Random, jumbled responses my man:

Hope is not a plan.

Do you remember the "Jack Handy Deep Thoughts" blackout sketches they used to do on "Saturday Night Live"? One of them went, "It's easy to sit there and say you'd like to have more money. And I guess that's what I like about it. It's easy. Just sitting there, rocking back and forth, wanting that money."

Wanting your W to work on the marriage. That's the easy part. We all do that.

What work are you going to do, now, given the Brutal Reality of your situation? Because the Working and the Wanting are not mutually exclusive. You can Work and Want at the same time; you can work on X and want ~X. It's the DB Way.

But there is no Moses to lead you to the Promised Land.

Sometimes the only way across the Red Sea is over it, on top of it, or under it, depending I suppose on whether there's wings, crossed swords or dolphins on your chest.

You've got to be your own leader now and find a way across the sea. But (and to mix maritime metaphors a bit) you're rather more by way of being Magellan than Moses.

Because it's just not clear what lies on that far shore.

Perhaps OM3 is a response to your successful DBing, eh? Perhaps W feels she is being pushed by your DBing efforts and by way of resisting she is expanding the domain of her distractions.

The WAS is like quicksilver in that regard -- push it here, it sploobs its way there. In which case one might think you should just carry on with what you're doing.

On the other hand, MWD does advise that if what you're doing isn't working that you relook and rethink. Perhaps you're not getting the result you seek. ReThink.

But my most jumbled thought is this: How bad would it be to live, but live darkly, in Limboland? To, in essence, ignore W's very presence in the home, to refuse to leave your children, to make every moment in your presence a reminder to W of your categorical rejection -- rejection not of her, but of her course of action?
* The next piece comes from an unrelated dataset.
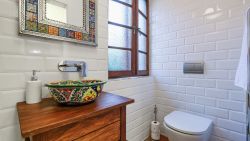 Ensuite bathroom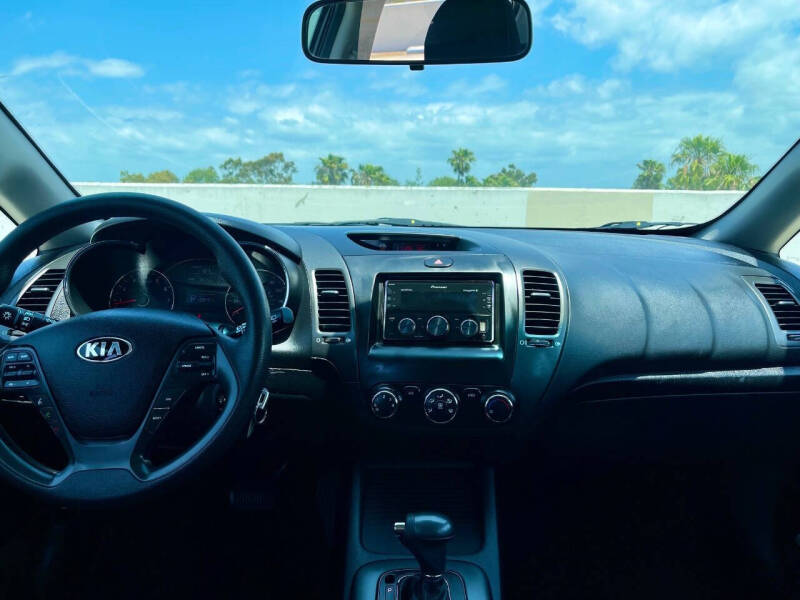 2016 Kia Forte5 LX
You don't want to divorce. We get that. I think, by and large, we all share that want.

So don't divorce.

But that choice -- and that IS a choice, my brother -- imposes costs. Only you can answer the $10,000 question lurking there -- are you willing to continue paying those costs, recognizing that at the end of the day there's not a blessed thing you can do about OM's 1 through n?

That's the gouge, my friend. And as you sea-faring types say, live by the gouge, die by the gouge.